At the heart of The Post are Katherine Graham (Meryl Streep) and Ben Bradlee (Tom Hanks). When the audience first meets Graham and Bradlee, they will immediately notice their conflicting agenda.

Bradlee is a blunt news hound and wants to focus on bringing honest reporting to their readers no matter the cost. Meanwhile, Graham initially focused on building The Washington Post's reputation without burning bridges with the Washington D.C. elite. She also faced doubts from The Washington Post leadership regarding her role as publisher and bringing the paper to the stock market.

The Paper Problems

In addition to Graham and Bradlee's ideological disagreements, The Washington Post continues to face its challenges from both the Nixon White House and The New York Times. While the Nixon White House is furious with The Washington Post that they approved Judith Martin (Jessie Mueller)'s colorful coverage of the Nixon Family, The New York Times continued to beat the paper to the punch with breaking news.

However, things begin to change when The New York Times publishes parts of the Pentagon Papers and the White House barred the paper from releasing more material.

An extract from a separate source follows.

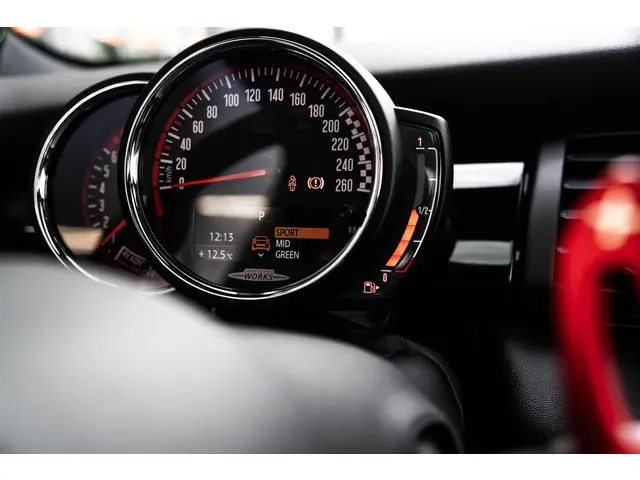 MINI Cooper Mini 2.0 John Works 2018 Benzine 39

Bradlee and Graham's relationship is ultimately tested when reporter Ben Bagdikian (Bob Odenkirk) makes contact with the person who brought the Pentagon Papers to light.

Streep And Hanks's Powerful Performances

Part of The Post's success is the acting ensemble's dominant performances. Hanks and Streep rightfully deserved their respective Golden Globe nominations for Best Actor-Motion Picture Drama and Best Actress-Motion Picture Drama.

Watching these two acting greats perform alongside each other might make moviegoers think that they are watching a tennis match. Tom Hanks delivered one of his best performances of the decade as the brash Bradlee. Streep also harnessed her activism energy into Katherine Graham as she brought sophistication and grace to The Washington Post.

A Supreme Screenplay

Another part of The Post's winning formula is the excellent screenplay that was written by Liz Hannah and Jack Singer. Hannah and Singer brilliantly incorporated archival footage of former United States Presidents Harry Truman, Dwight Eisenhower, John F. Kennedy, Lyndon B. Johnson, and audio of Richard Nixon. Also, viewers will get chills when former Supreme Court Justice Hugo Black's opinion is read in The Washington Post office.

The writers guided the audience through the dangerous jungles of Vietnam to the hallowed halls of the United States Supreme Court. Also, Hannah and Singer also eerily compared the Nixon White House with the current administration that is occupying 1600 Pennsylvania Avenue.

The Post brilliantly showcases how anyone should not underestimate the power of the press. It also showcases why the American Film Institute picked the film as one of its ten best films of 2017 and inspires the next generation of journalists.